REQUIRED WORK:
The line containing "Stephanie, 55 ans, connectée" and every line after it through the end of the records: return those exactly, and nothing more.
══════════
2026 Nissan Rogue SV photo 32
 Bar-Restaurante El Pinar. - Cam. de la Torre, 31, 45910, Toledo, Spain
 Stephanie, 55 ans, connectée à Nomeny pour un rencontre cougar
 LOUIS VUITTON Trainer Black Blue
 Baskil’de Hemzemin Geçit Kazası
══════════
EXERCISE RESPONSE:
 Stephanie, 55 ans, connectée à Nomeny pour un rencontre cougar
 LOUIS VUITTON Trainer Black Blue
 Baskil’de Hemzemin Geçit Kazası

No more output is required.